Tips to help avoid financial scams

  1. If you receive an offer to help you access your pension savings before age 55, for example through ‘pension loans’ and ‘free pension reviews’. It is only possible to access your pension before age 55 in rare situations, for example if you are very ill
  2. Warnings that the deal is limited, and you must act now. This is a pressure tactic, and making any financial decisions should not be done under pressure
  3. HMRC will never contact you by email, phone or text informing you of a tax refund, so simply delete or ignore any contact made this way – HMRC will only contact you via post
  4. You are discouraged from seeking professional financial advice or talking to Pension Wise or The Money and Pensions Service
  5. Sign up for Action Fraud Alert, a free service provided by the National Fraud Intelligence Bureau. The service alerts about new types of crime or those which are increasing in their severity. If you sign up, you will receive those alerts which are relevant to you. https://www.actionfraud.police.uk/sign-up-for-action-fraud-alert
  6. Contact by somebody who is not on the Financial Conduct Authority (FCA) Register.
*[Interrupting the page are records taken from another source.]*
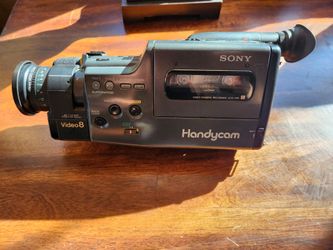 Sony Handycam CCD-F40 Video8 Camcorder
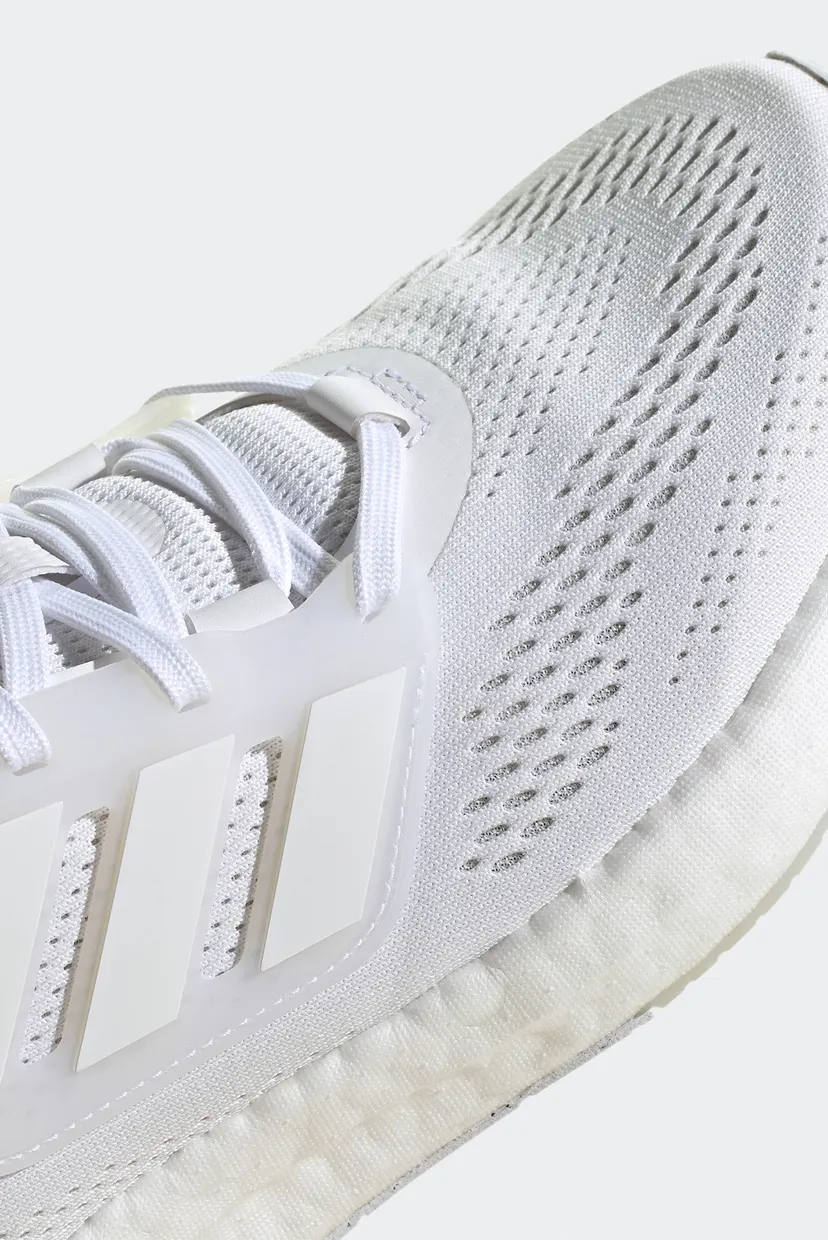 Чоловічі білі кросівки Pureboost 22 7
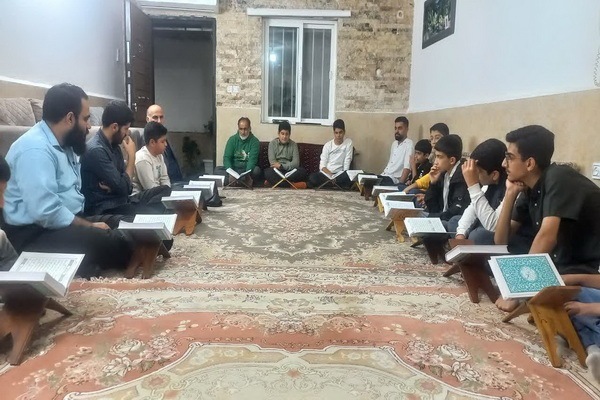 آمل؛ سه محفل خانگی و مدرسه‌ای قرآن به مناسبت هفته دفاع مقدس
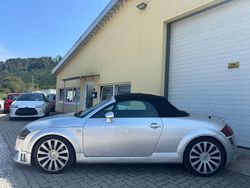 Grau Gebraucht 2000 Audi TT Roadster Cabrio | € 4.499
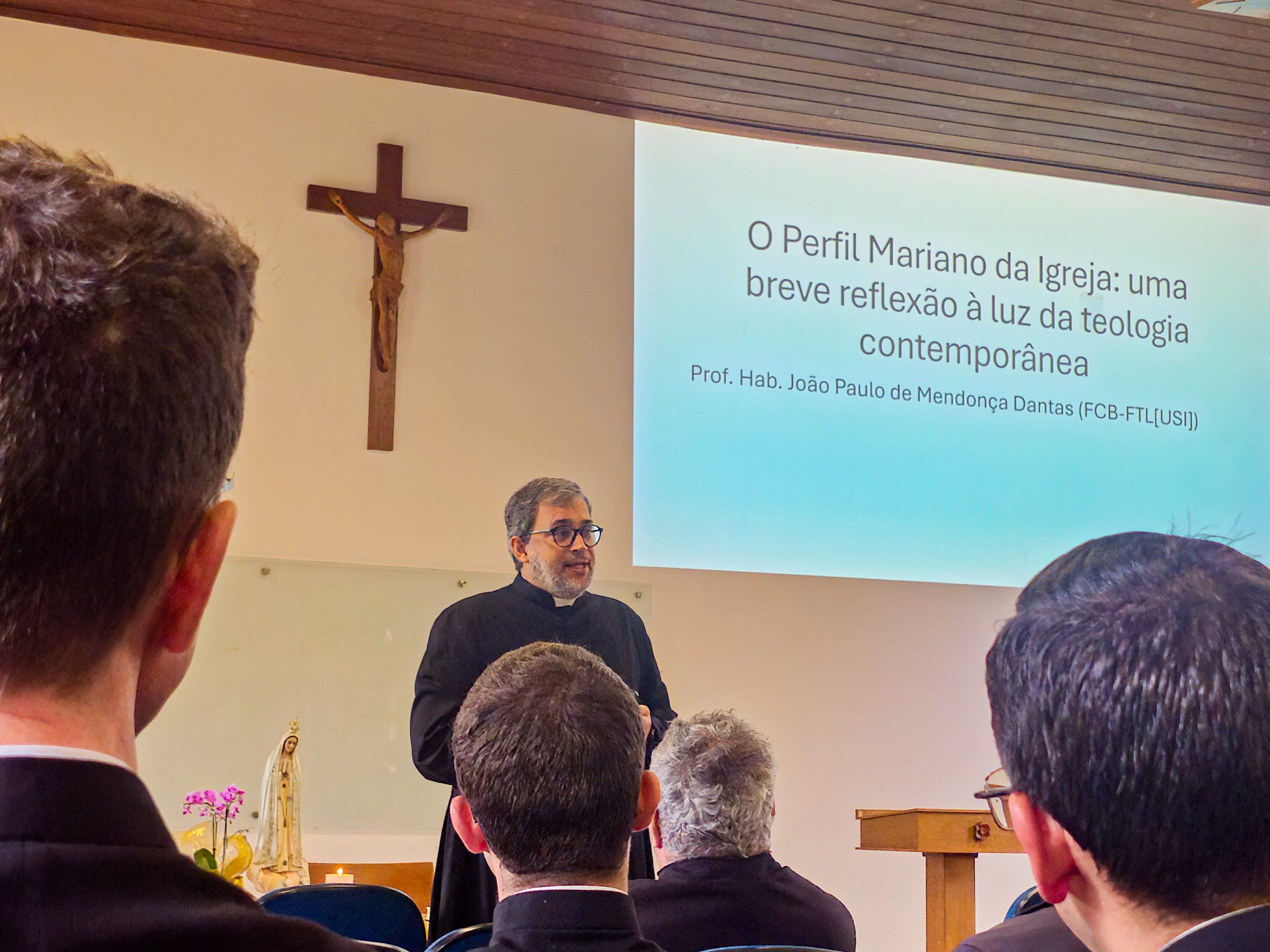 Pe. João Paulo Dantas durante a aula inaugural.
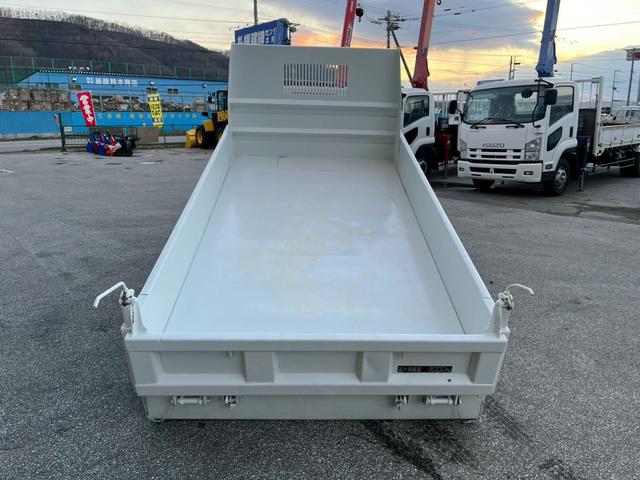 エルフトラック ローダーダンプ ローダーダンプ三方開き積載3トン4WD(8枚目)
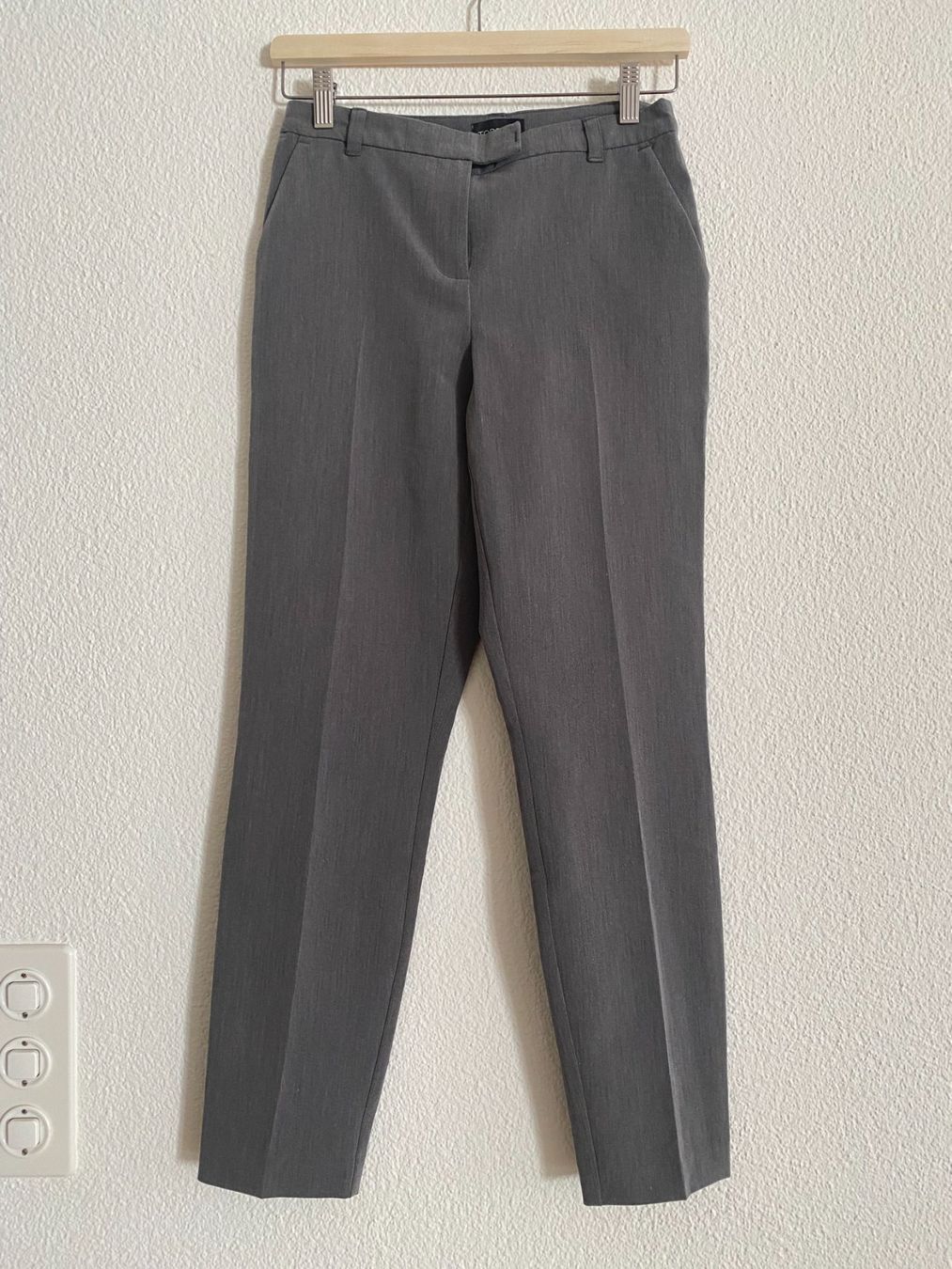 Topshop Pantaloni: Graue Anzugshose von Topshop – Usato da Luzern venduto da champagnelaury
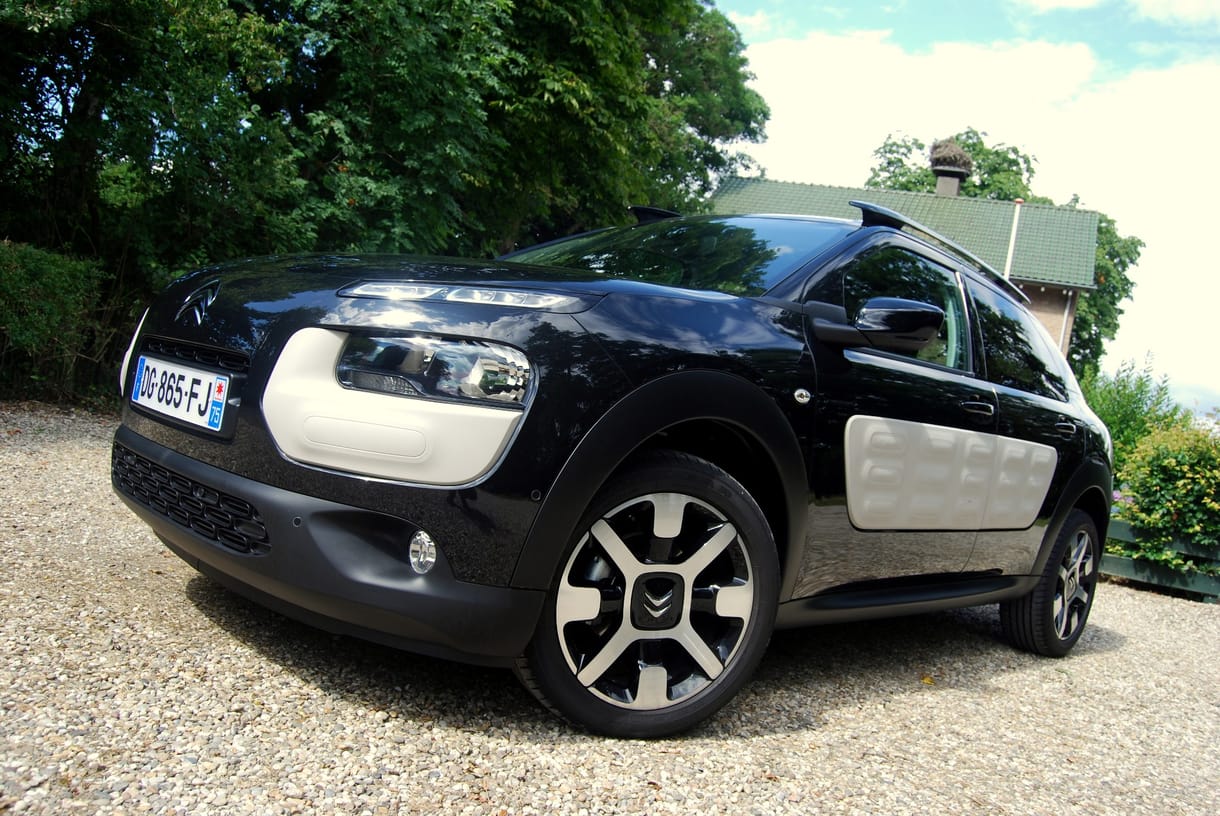 Szemet szúr a Citroen Cactus - teszt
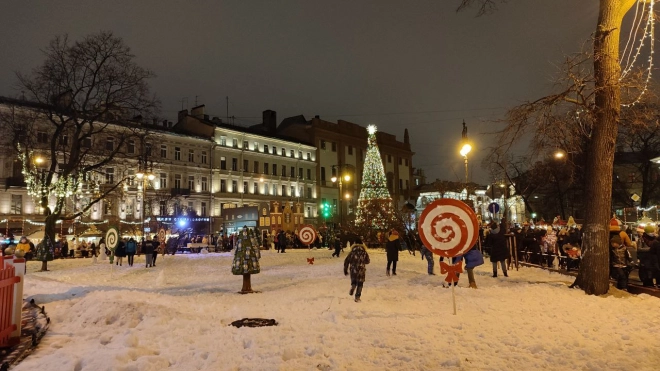 На новогоднее оформление Петербурга потратят 600 млн рублей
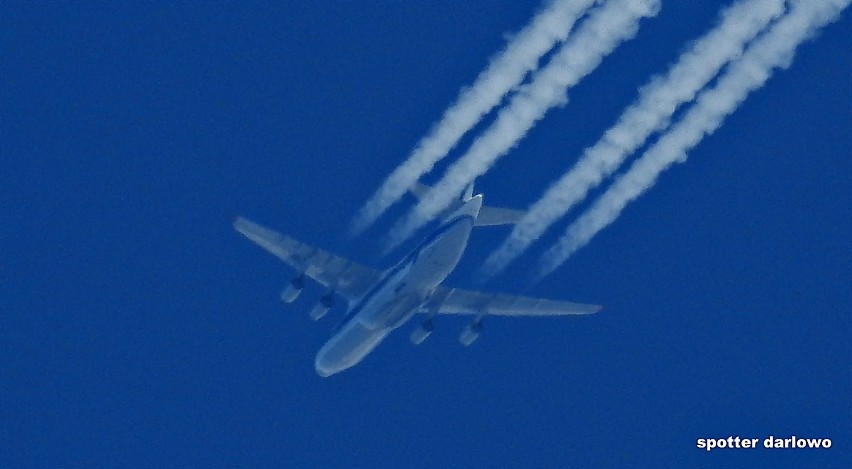Ogromne samoloty z transportem sprzętu medycznego. Darłowski fotograf uwiecznił je na zdjęciach 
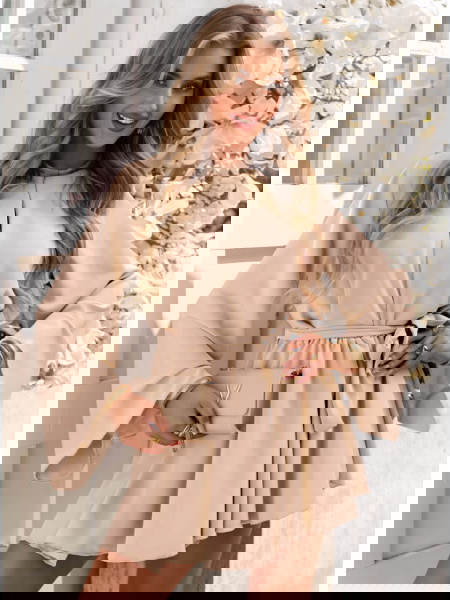 Beżowy kombinezon jak... 2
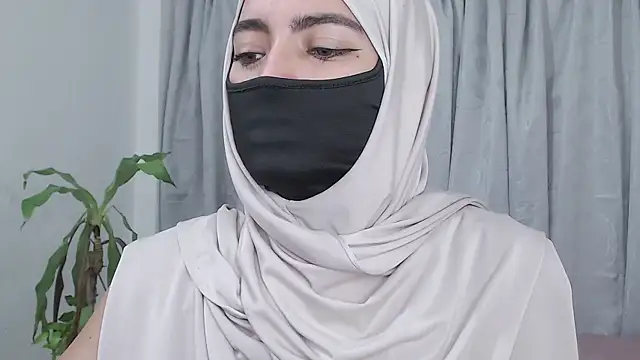 jade nassar online show from March 10, 1:09 am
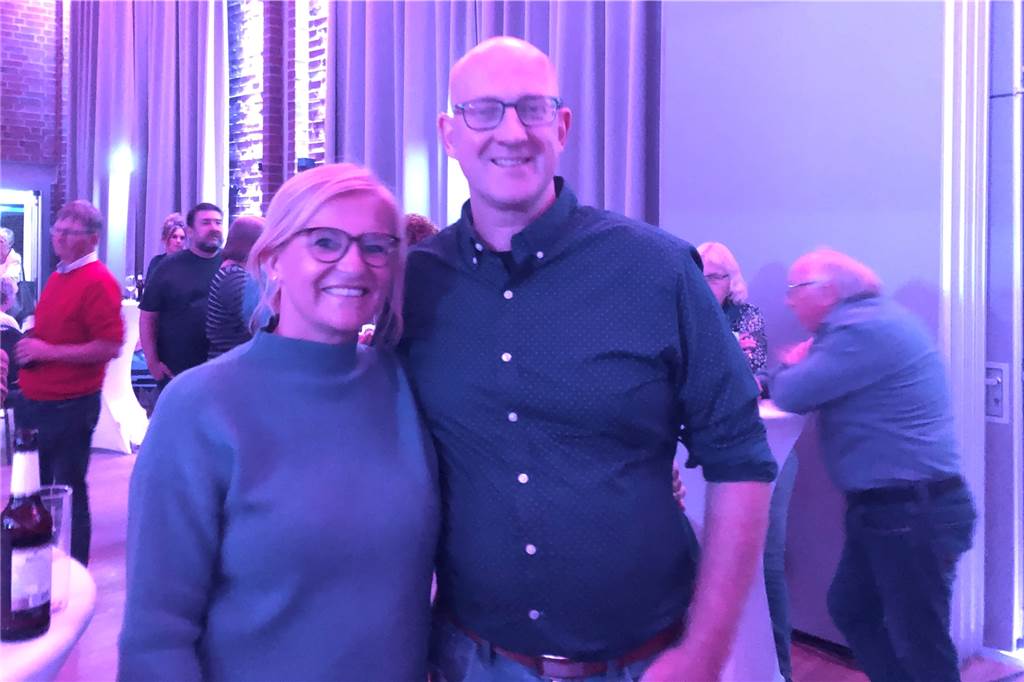 Still Collins begeistern die Zuschauer beim ersten Konzert in Olfen Maria Kolve-Wilde und Thomas Naber aus Lüdinghausen genießen ebenfalls den Abend.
The Register is a public record of all the regulated firms and individuals in the financial services industry, including pension providers and investment companies https://register.fca.org.uk/
  7. Be very cautious around any recommendation to take a large amount of money, or your whole pension pot, in a lump sum and invest it elsewhere, for example in overseas property, forestry, car parking or storage units. And be very wary of unsolicited offers of ‘amazing investment returns’
  8. Seek professional financial advice. A regulated financial adviser will be able to explain the rules and tax implications of different options and help you make the best choices for your personal circumstances, so be very suspicious if this is discouraged
  9. There can be significant tax implications if you choose to cash in your pension in one go, so check the tax position before you make any decisions. Tax calculators are available online including: https://www.canadalife.co.uk/tools/pension-tax-calculator
  10. Check www.fca.org.uk/scamsmart for known scams and use the tools to help identify a potential scam

 

 

 

  1. Source: Research among 2000 UK adults conducted by Opinium, with fieldwork between 12th – 16th August 2022.